**What you need to do**
Copy the listing below exactly, but skip the pictures.

**Source material**
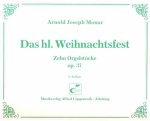 Das hl. Weihnachtsfest - 10 romantische Orgelstücke von Arnold J. Monar
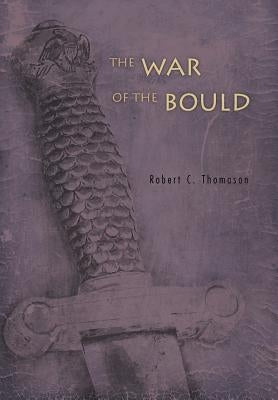 The War of the Bould by Thomason, Robert C.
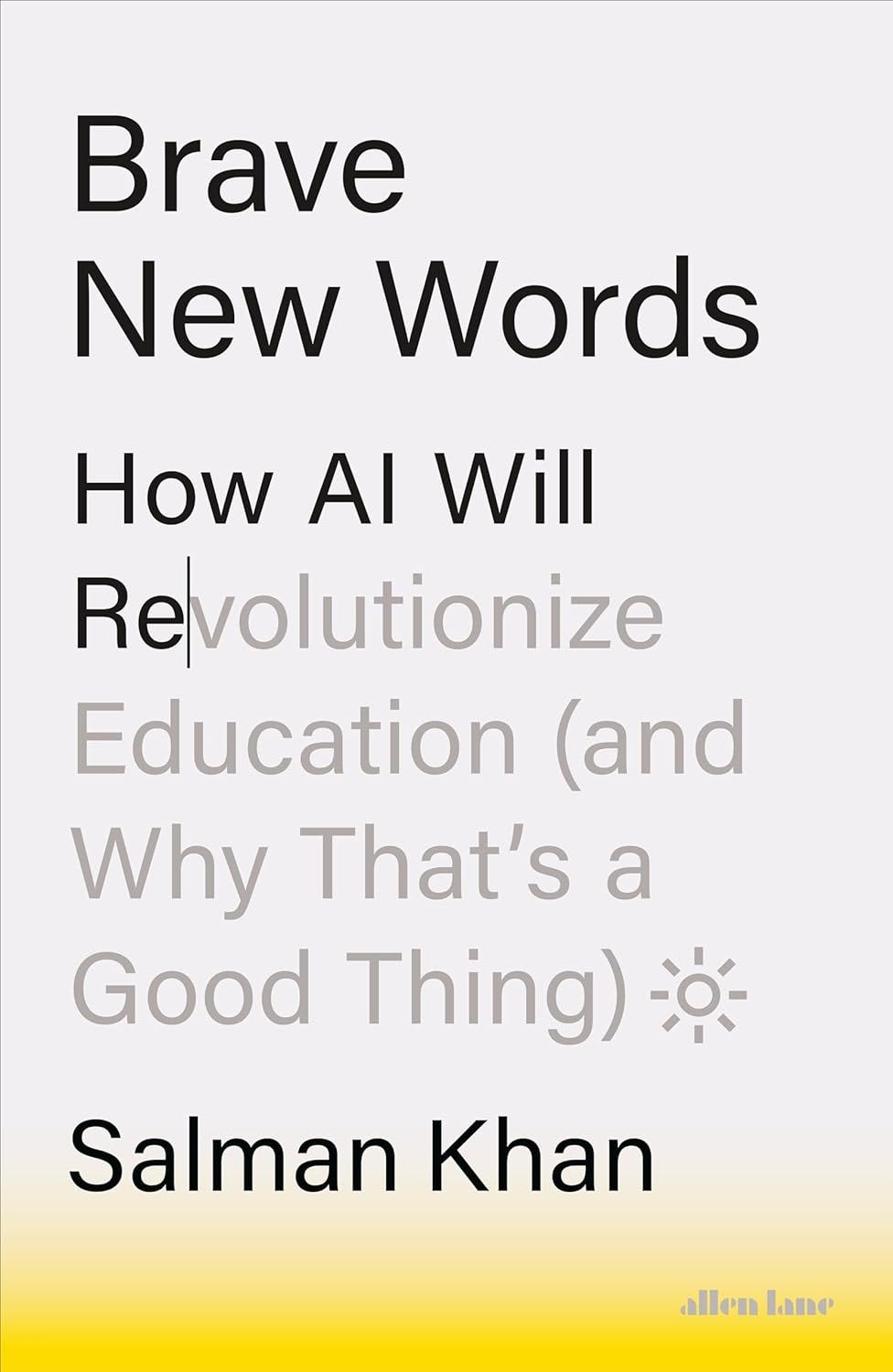 Revolutionizing Education with AI: A Dive into “Brave New Words” by Salman Khan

**Your response**
 Das hl. Weihnachtsfest - 10 romantische Orgelstücke von Arnold J. Monar
 The War of the Bould by Thomason, Robert C.
 Revolutionizing Education with AI: A Dive into “Brave New Words” by Salman Khan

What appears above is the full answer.